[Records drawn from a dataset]

::::::::

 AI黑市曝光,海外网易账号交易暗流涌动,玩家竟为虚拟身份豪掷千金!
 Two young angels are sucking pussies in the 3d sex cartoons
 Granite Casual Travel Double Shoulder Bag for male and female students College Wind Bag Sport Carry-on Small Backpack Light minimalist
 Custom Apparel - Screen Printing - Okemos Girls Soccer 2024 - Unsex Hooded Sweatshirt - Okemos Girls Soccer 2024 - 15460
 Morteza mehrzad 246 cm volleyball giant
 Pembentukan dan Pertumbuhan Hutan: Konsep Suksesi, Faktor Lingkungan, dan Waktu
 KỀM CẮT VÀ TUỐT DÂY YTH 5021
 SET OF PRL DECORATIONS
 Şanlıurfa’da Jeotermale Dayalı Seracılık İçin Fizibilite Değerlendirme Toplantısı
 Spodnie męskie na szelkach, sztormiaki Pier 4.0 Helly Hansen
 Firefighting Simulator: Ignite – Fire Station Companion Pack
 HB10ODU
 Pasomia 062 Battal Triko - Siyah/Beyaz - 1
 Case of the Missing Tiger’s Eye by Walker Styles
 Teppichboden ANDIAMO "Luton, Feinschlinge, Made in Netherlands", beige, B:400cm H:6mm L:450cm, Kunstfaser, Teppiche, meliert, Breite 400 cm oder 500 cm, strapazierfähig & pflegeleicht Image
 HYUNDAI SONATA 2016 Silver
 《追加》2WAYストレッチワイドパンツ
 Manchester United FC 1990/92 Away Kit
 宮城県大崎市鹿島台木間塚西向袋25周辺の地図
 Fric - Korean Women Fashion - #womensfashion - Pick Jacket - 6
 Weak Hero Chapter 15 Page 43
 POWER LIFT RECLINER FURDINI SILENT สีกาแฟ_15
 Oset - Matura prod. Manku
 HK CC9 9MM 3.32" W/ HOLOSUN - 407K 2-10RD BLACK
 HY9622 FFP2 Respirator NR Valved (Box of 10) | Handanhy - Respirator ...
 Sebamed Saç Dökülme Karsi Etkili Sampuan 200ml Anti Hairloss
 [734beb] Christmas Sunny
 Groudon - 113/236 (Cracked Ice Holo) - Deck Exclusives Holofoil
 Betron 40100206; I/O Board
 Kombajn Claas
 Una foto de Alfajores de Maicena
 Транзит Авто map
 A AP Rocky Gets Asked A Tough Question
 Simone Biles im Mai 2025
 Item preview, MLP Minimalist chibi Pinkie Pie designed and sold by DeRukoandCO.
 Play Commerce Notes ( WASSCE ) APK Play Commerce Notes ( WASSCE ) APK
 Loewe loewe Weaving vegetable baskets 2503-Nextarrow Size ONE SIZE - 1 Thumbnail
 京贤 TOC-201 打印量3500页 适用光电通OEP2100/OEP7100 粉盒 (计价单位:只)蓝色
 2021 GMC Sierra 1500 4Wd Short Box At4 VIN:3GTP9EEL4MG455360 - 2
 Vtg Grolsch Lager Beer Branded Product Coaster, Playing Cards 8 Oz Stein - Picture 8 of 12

::::::::

[About this exercise]: All of the records above are to be copied exactly.

[Result of the exercise]:
 AI黑市曝光,海外网易账号交易暗流涌动,玩家竟为虚拟身份豪掷千金!
 Two young angels are sucking pussies in the 3d sex cartoons
 Granite Casual Travel Double Shoulder Bag for male and female students College Wind Bag Sport Carry-on Small Backpack Light minimalist
 Custom Apparel - Screen Printing - Okemos Girls Soccer 2024 - Unsex Hooded Sweatshirt - Okemos Girls Soccer 2024 - 15460
 Morteza mehrzad 246 cm volleyball giant
 Pembentukan dan Pertumbuhan Hutan: Konsep Suksesi, Faktor Lingkungan, dan Waktu
 KỀM CẮT VÀ TUỐT DÂY YTH 5021
 SET OF PRL DECORATIONS
 Şanlıurfa’da Jeotermale Dayalı Seracılık İçin Fizibilite Değerlendirme Toplantısı
 Spodnie męskie na szelkach, sztormiaki Pier 4.0 Helly Hansen
 Firefighting Simulator: Ignite – Fire Station Companion Pack
 HB10ODU
 Pasomia 062 Battal Triko - Siyah/Beyaz - 1
 Case of the Missing Tiger’s Eye by Walker Styles
 Teppichboden ANDIAMO "Luton, Feinschlinge, Made in Netherlands", beige, B:400cm H:6mm L:450cm, Kunstfaser, Teppiche, meliert, Breite 400 cm oder 500 cm, strapazierfähig & pflegeleicht Image
 HYUNDAI SONATA 2016 Silver
 《追加》2WAYストレッチワイドパンツ
 Manchester United FC 1990/92 Away Kit
 宮城県大崎市鹿島台木間塚西向袋25周辺の地図
 Fric - Korean Women Fashion - #womensfashion - Pick Jacket - 6
 Weak Hero Chapter 15 Page 43
 POWER LIFT RECLINER FURDINI SILENT สีกาแฟ_15
 Oset - Matura prod. Manku
 HK CC9 9MM 3.32" W/ HOLOSUN - 407K 2-10RD BLACK
 HY9622 FFP2 Respirator NR Valved (Box of 10) | Handanhy - Respirator ...
 Sebamed Saç Dökülme Karsi Etkili Sampuan 200ml Anti Hairloss
 [734beb] Christmas Sunny
 Groudon - 113/236 (Cracked Ice Holo) - Deck Exclusives Holofoil
 Betron 40100206; I/O Board
 Kombajn Claas
 Una foto de Alfajores de Maicena
 Транзит Авто map
 A AP Rocky Gets Asked A Tough Question
 Simone Biles im Mai 2025
 Item preview, MLP Minimalist chibi Pinkie Pie designed and sold by DeRukoandCO.
 Play Commerce Notes ( WASSCE ) APK Play Commerce Notes ( WASSCE ) APK
 Loewe loewe Weaving vegetable baskets 2503-Nextarrow Size ONE SIZE - 1 Thumbnail
 京贤 TOC-201 打印量3500页 适用光电通OEP2100/OEP7100 粉盒 (计价单位:只)蓝色
 2021 GMC Sierra 1500 4Wd Short Box At4 VIN:3GTP9EEL4MG455360 - 2
 Vtg Grolsch Lager Beer Branded Product Coaster, Playing Cards 8 Oz Stein - Picture 8 of 12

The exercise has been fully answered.